🤖 AI Summary
In high-dimensional discrete-time risk models, data augmentation induces substantial computational burden and hinders simultaneous attainment of estimation accuracy and variable selection. To address this, we propose a batch-wise backward-fitting algorithm grounded in the distribution regression framework and, for the first time, extend it to discrete survival models with additive predictors. Our method integrates generalized linear models with an efficient data augmentation scheme, enabling joint parameter estimation and sparse variable selection. Extensive simulations and application to real-world African infant mortality data demonstrate that the proposed approach significantly improves computational scalability—reducing runtime substantially—while maintaining high estimation accuracy and robust feature selection performance.

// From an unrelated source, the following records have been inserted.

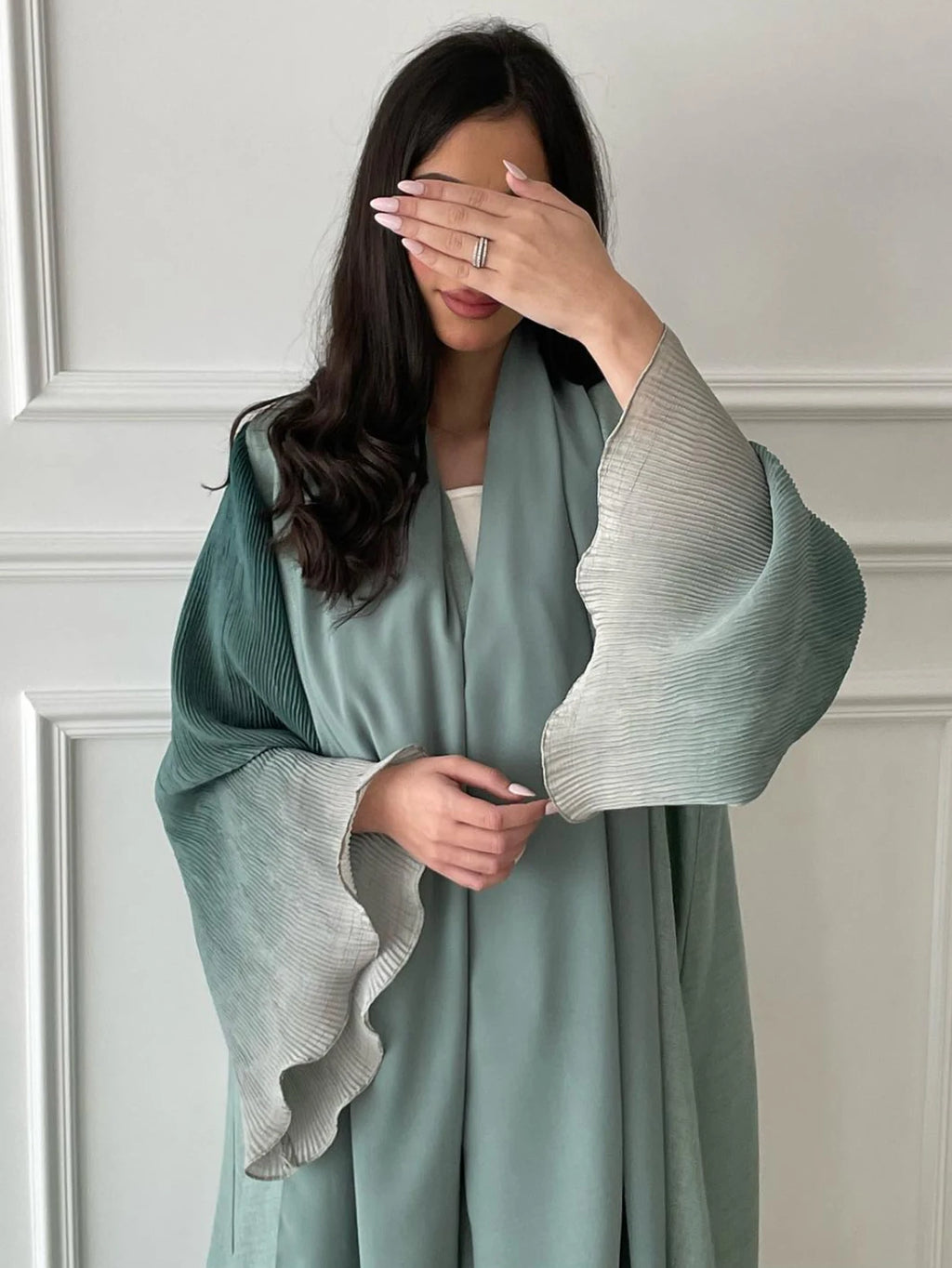 Open Abaya with Pleated Ombré Sleeves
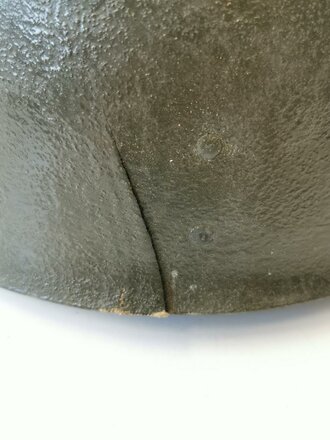 U.S. M1 steel helmet. Front seam WWII shell with later liner, uncleaned set
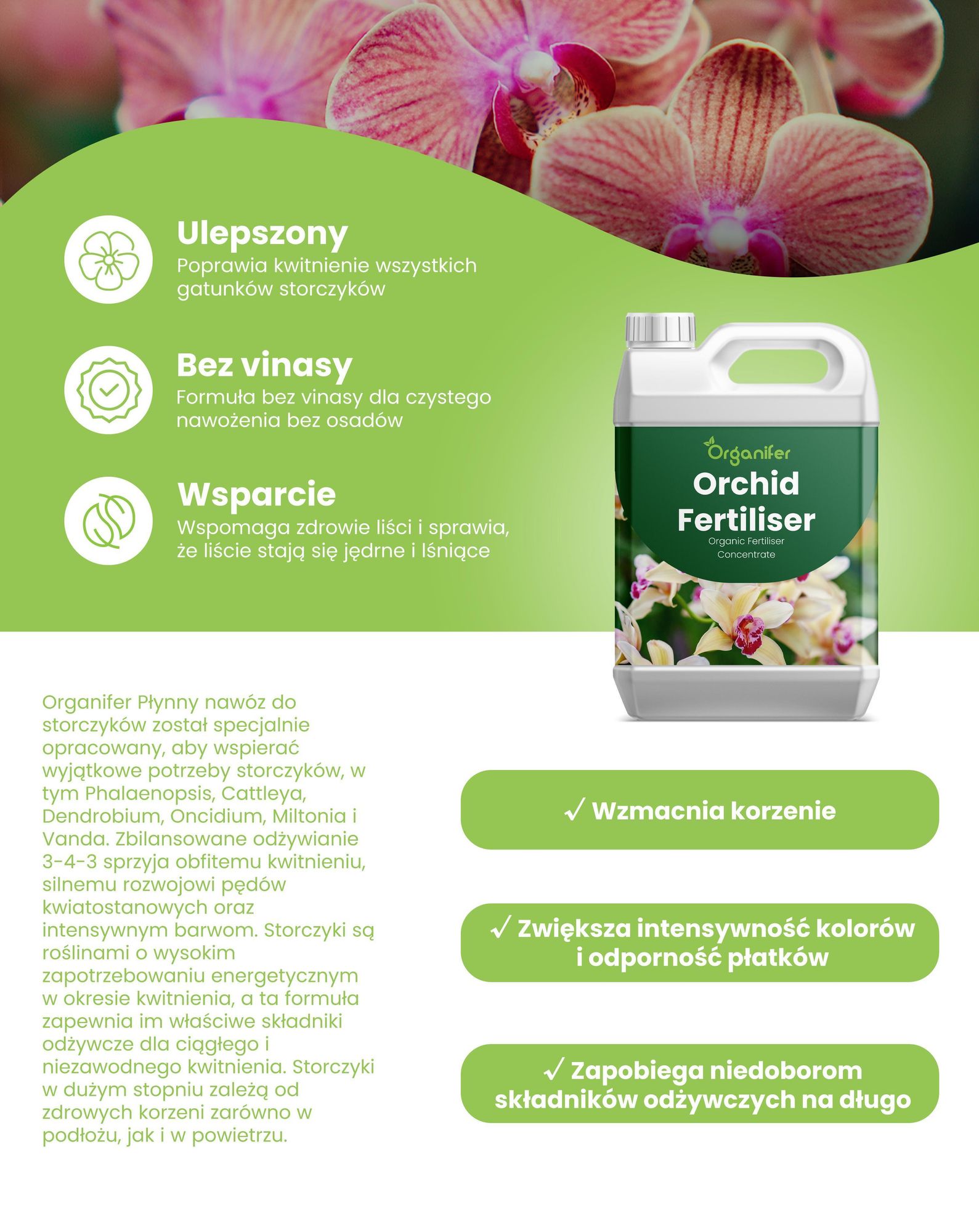 Orchidea Nawóz Płynny 10 L – 3-4-3 NPK – Do Orchidey – Podporuje Stabilny Wzrost i Dlhotrvajúce Kwiaty – Organifer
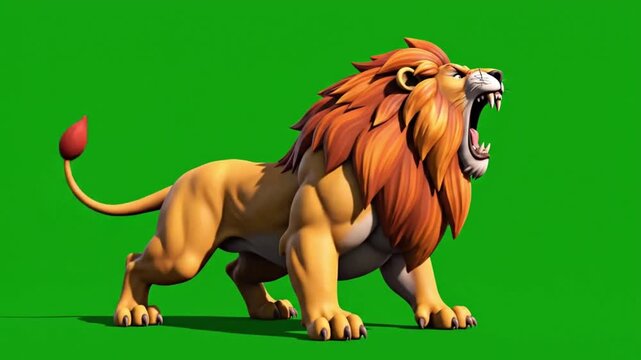 powerful cartoon lion roaring green screen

This work establishes an efficient, automated modeling paradigm for large-scale discrete-time event history analysis.
📝 Abstract
Discrete-time hazard models are widely used when event times are measured in intervals or are not precisely observed. While these models can be estimated using standard generalized linear model techniques, they rely on extensive data augmentation, making estimation computationally demanding in high-dimensional settings. In this paper, we demonstrate how the recently proposed Batchwise Backfitting algorithm, a general framework for scalable estimation and variable selection in distributional regression, can be effectively extended to discrete hazard models. Using both simulated data and a large-scale application on infant mortality in sub-Saharan Africa, we show that the algorithm delivers accurate estimates, automatically selects relevant predictors, and scales efficiently to large data sets. The findings underscore the algorithm's practical utility for analysing large-scale, complex survival data with high-dimensional covariates.